(Universita e INFN (IT))
Over the last few years we have seen an increasing number of services and applications needed to manage and maintain cloud computing facilities. This is particularly true for computing in high energy physics which often requires complex configurations and distributed infrastructures. In this scenario a cost effective rationalization and consolidation strategy is the key to success in terms of scalability and reliability.
In this work, we describe an IaaS (Infrastructure as a Service) cloud computing system, with high availability and redundancy features which is currently in production at INFN-Naples and ATLAS Tier-2 data centre.
The main goal we intended to achieve was a simplified method to manage our computing resources and deliver reliable user services, reusing existing hardware without incurring heavy costs.
A combined usage of virtualization and clustering technologies allowed us to consolidate our services on a small number of physical machines, reducing electric power costs.
As a results of our efforts we developed a complete solution for data and computing centers that can be easily replicated using commodity hardware.
Our architecture mainly consists of 2 subsystems: a clustered storage solution, built on top of disk servers running Gluster file system, and a virtual machines execution environment. The hypervisor hosts use Scientific Linux and KVM as virtualization technology and run both Windows and Linux guests. Virtual machines have their root file systems on qcow2 disk-image files, stored on a Gluster network file system. Gluster is able to perform parallel writes on multiple disk servers (two, in our system), providing this way live replication of data. A failure of a disk server doesn't cause glitches or stops any of the running virtual guests as each hypervisor host still has full access to disk-image files. When the failing disk server returns to normal activity Gluster self-healing integrated mechanism performs a background transparent reconstruction of missing replicas.
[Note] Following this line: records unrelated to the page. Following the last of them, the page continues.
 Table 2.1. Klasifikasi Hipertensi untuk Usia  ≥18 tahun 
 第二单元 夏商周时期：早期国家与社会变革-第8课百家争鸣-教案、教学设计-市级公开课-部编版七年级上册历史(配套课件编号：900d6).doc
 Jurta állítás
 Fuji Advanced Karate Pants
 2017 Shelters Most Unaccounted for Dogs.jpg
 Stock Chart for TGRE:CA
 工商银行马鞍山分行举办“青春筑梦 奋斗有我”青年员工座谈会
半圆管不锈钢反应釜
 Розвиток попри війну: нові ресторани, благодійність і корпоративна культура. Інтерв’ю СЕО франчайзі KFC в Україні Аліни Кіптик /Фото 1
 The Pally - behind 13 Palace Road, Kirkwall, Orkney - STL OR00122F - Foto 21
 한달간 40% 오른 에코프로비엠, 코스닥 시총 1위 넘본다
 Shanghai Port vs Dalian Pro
High availability is also achieved via a network configuration using redundant switches and multiple paths between hypervisor hosts and disk servers. Linux channel bonding provides adaptive load balancing of network traffic over multiple links and dedicated VLANs guarantee isolation of the storage subsystem from the general-purpose network.
We also developed a set of management scripts to easily perform basic system administration tasks such as automatic deployment of new virtual machines, adaptive scheduling of virtual machines on hypervisor hosts, live migration and automated restart in case of hypervisor failures.
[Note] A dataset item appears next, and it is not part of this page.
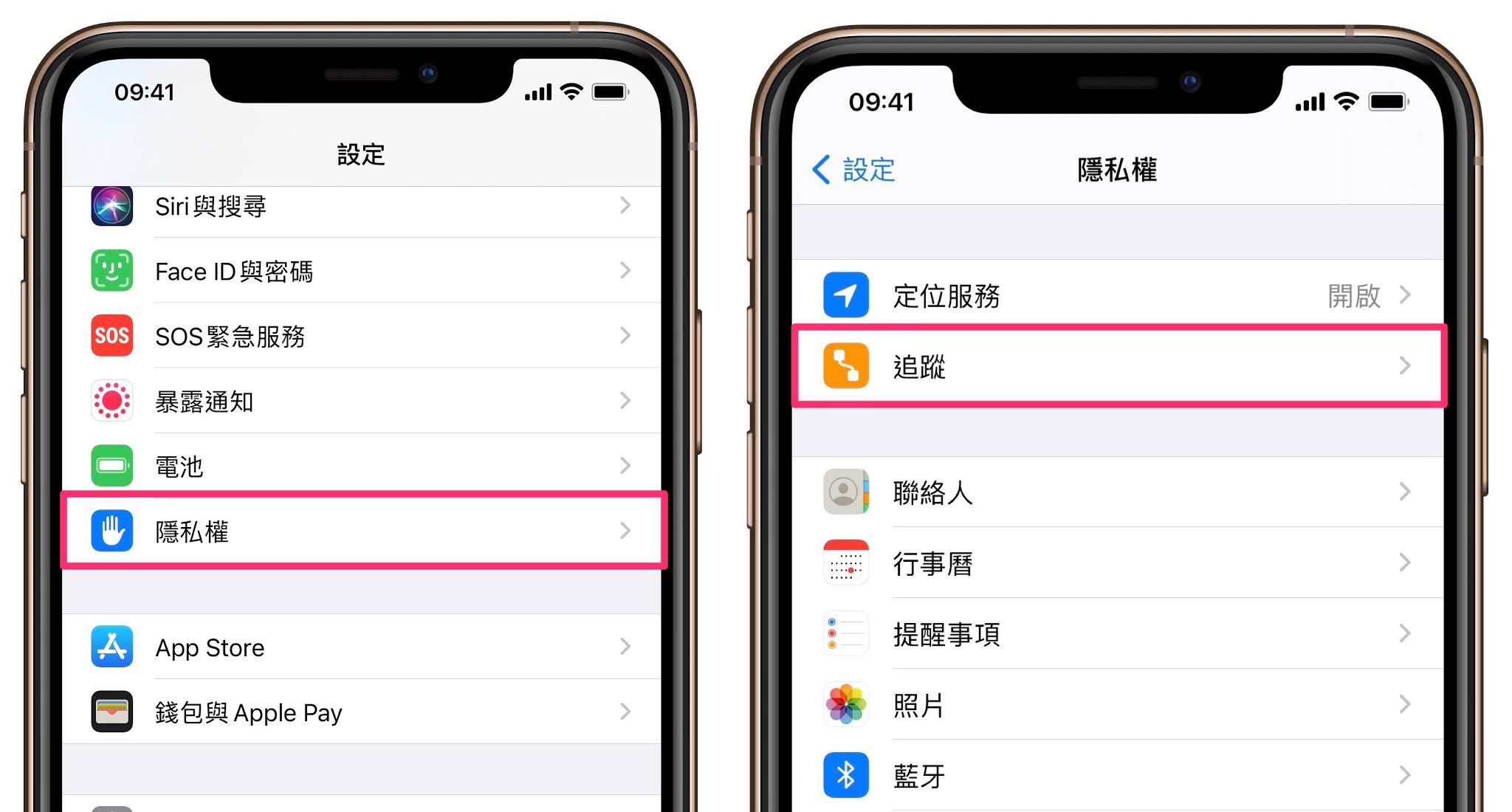 iOS 14.5 隱私 控制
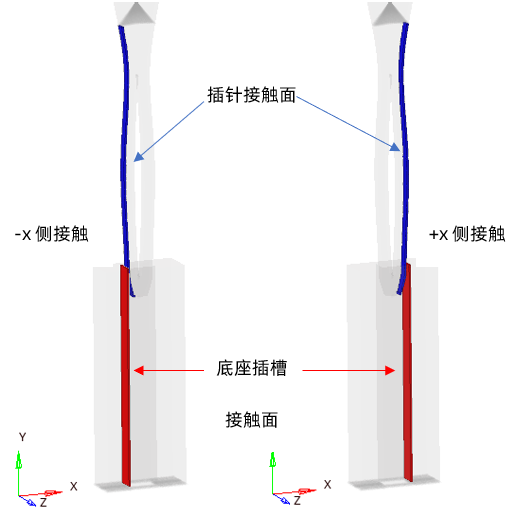 OptiStruct非线性丨插拔件问题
The work is organized as follows:
In the first part we identify the main requirements and the goal we want to achieve in terms of system reliability and availability. Then we introduce a set of currently available open-source technologies and we discuss the motivation of our choice. After that, we describe our cloud computing model: the architecture, all the features and the main aspects.
In the second part we show our implementation at INFN-Naples describing the hardware, the network topology, the storage configuration and the migration process of our services from physical machines to cloud infrastructure. The description is accompanied by some stress test benchmark results and a technical analysis of the system utilization during the last year.
In the last part we illustrate other possible application scenarios with a set of recommendations based on our local experience.